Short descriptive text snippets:
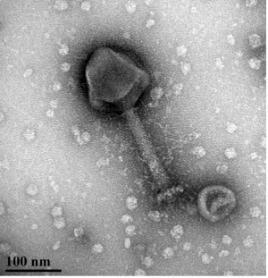 aeruginosa_bacteriophage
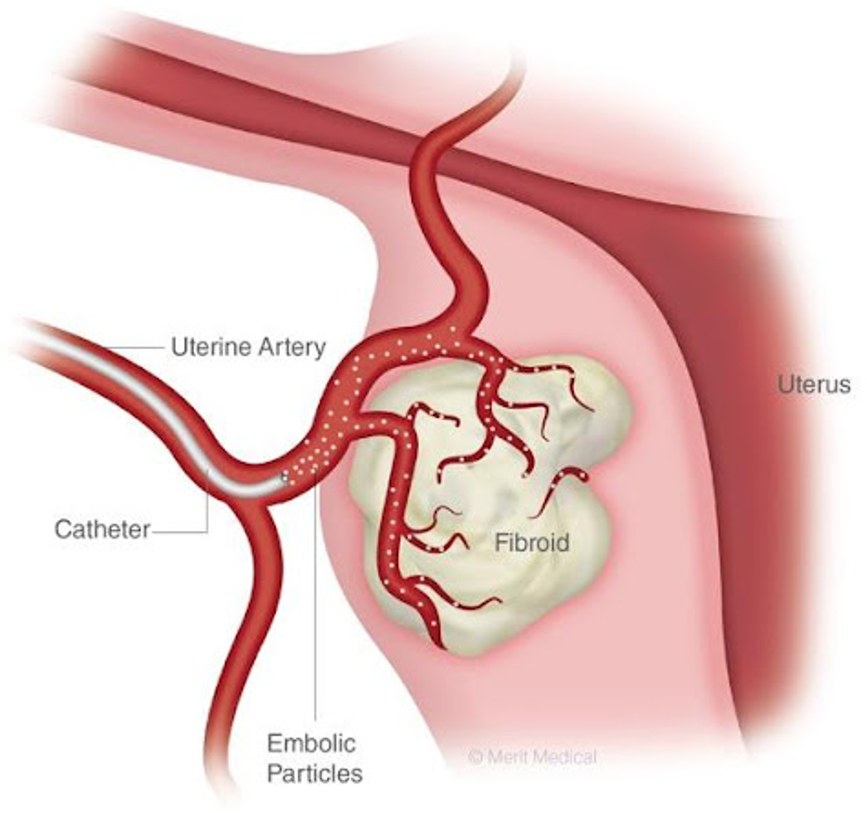 Diagram showing embolic particles being released into the uterine artery to block blood flow to a fibroid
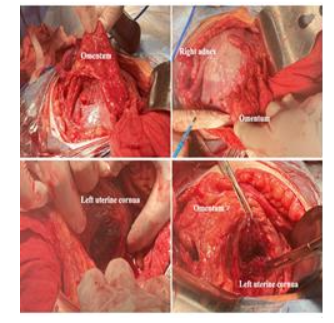 This image has an empty alt attribute; its file name is image-68.png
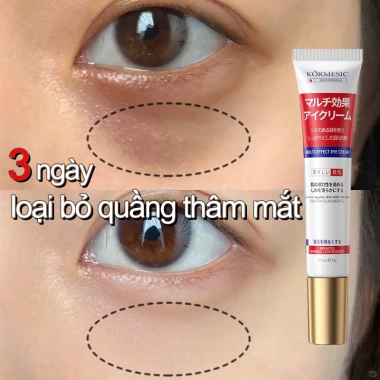 Kem Dưỡng Mắt Nhật Bản Chống Lão Hóa, Nhăn, Bọng Mắt - Giảm Giá 99.000đ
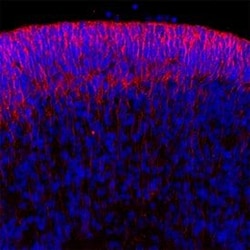 Invitrogen NOTCH3 Polyclonal Antibody 100 μg; Unconjugated:Antibodies,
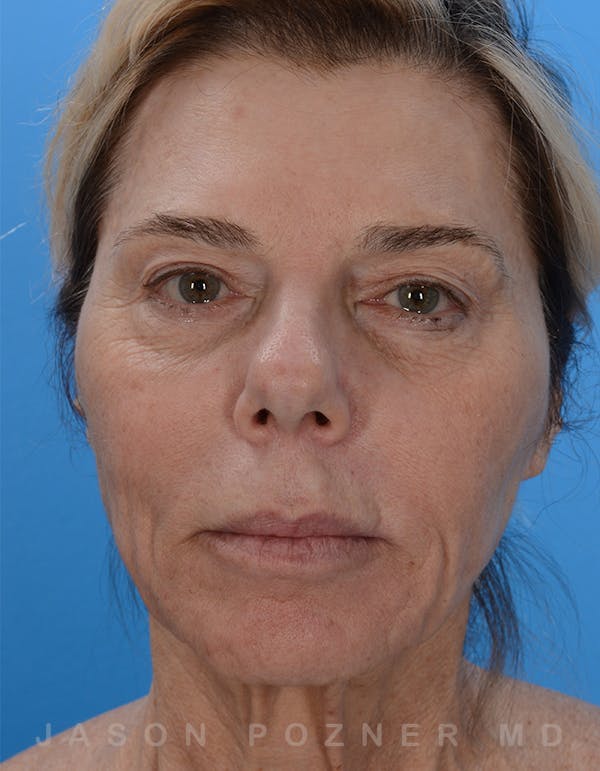 Facelift Before & After Gallery - Patient 19072998 - Image 1
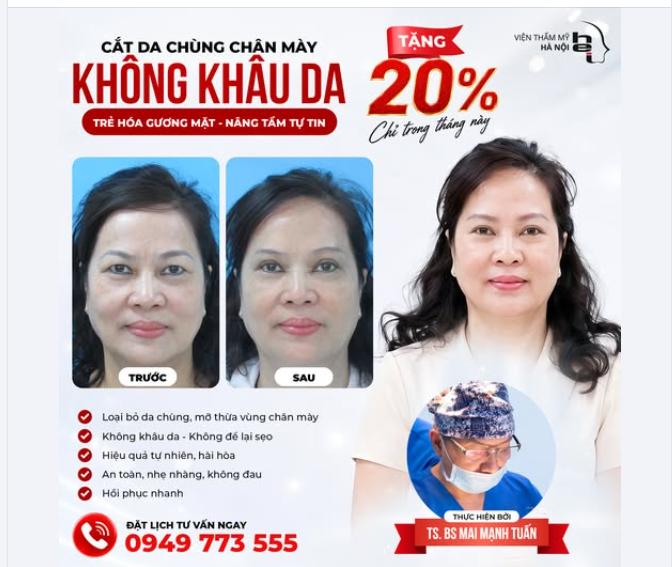 CẮT CHÙNG DA CHÂN MÀY: XOÁ SỤP MÍ LÃO HÓA – KIẾN TẠO TƯỚNG MẠO PHÚ QUÝ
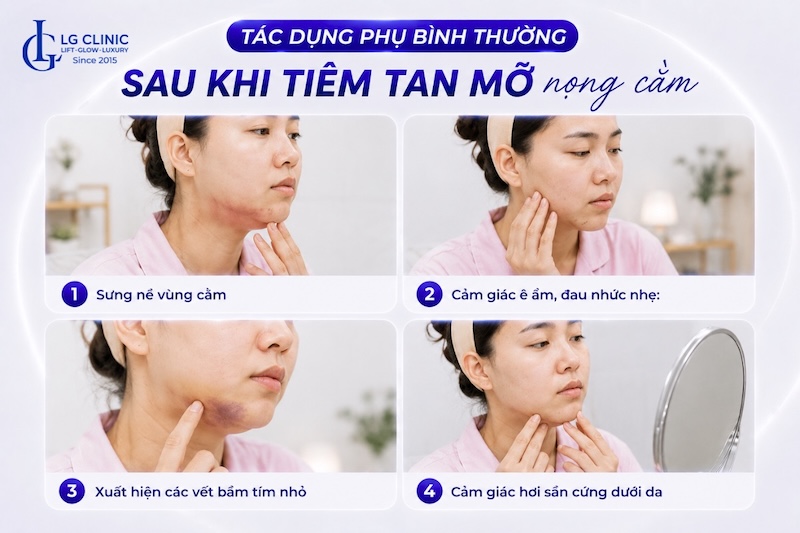 tiêm tan mỡ nọng cằm kiêng gì
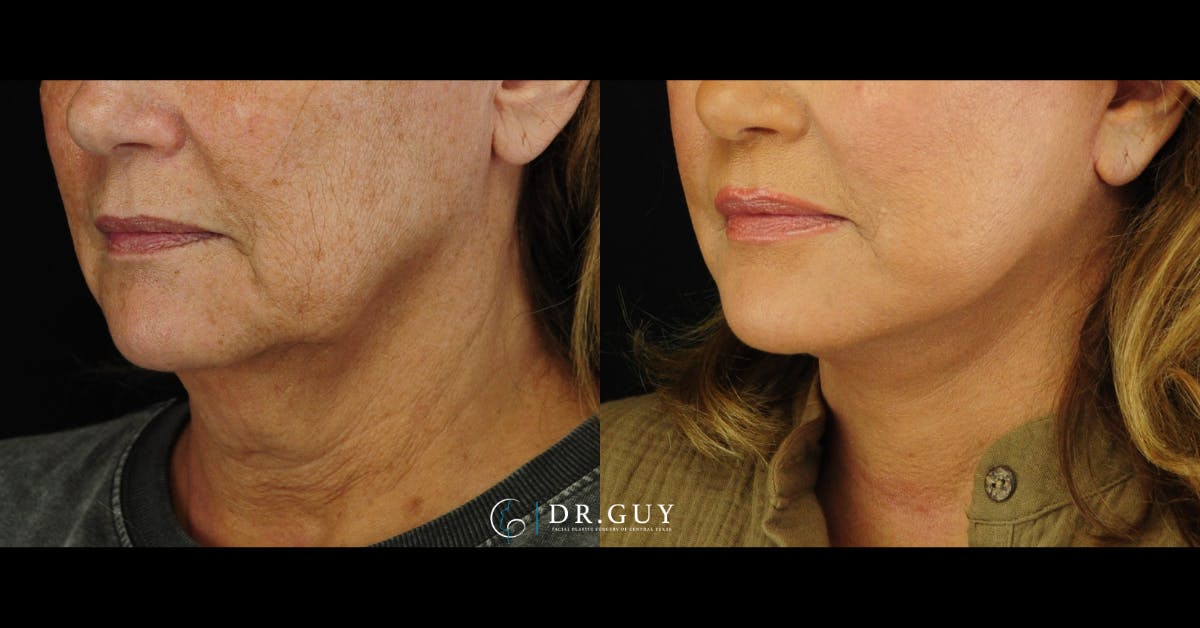 Facelift Before & After Gallery - Patient 104765 - Image 4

Exercise instructions: Omit the pictures and retype exactly the lines from the one containing "Invitrogen NOTCH3 Polyclonal" through the end of the entries above.

Exercise solution:
 Invitrogen NOTCH3 Polyclonal Antibody 100 μg; Unconjugated:Antibodies,
 Facelift Before & After Gallery - Patient 19072998 - Image 1
 CẮT CHÙNG DA CHÂN MÀY: XOÁ SỤP MÍ LÃO HÓA – KIẾN TẠO TƯỚNG MẠO PHÚ QUÝ
 tiêm tan mỡ nọng cằm kiêng gì
 Facelift Before & After Gallery - Patient 104765 - Image 4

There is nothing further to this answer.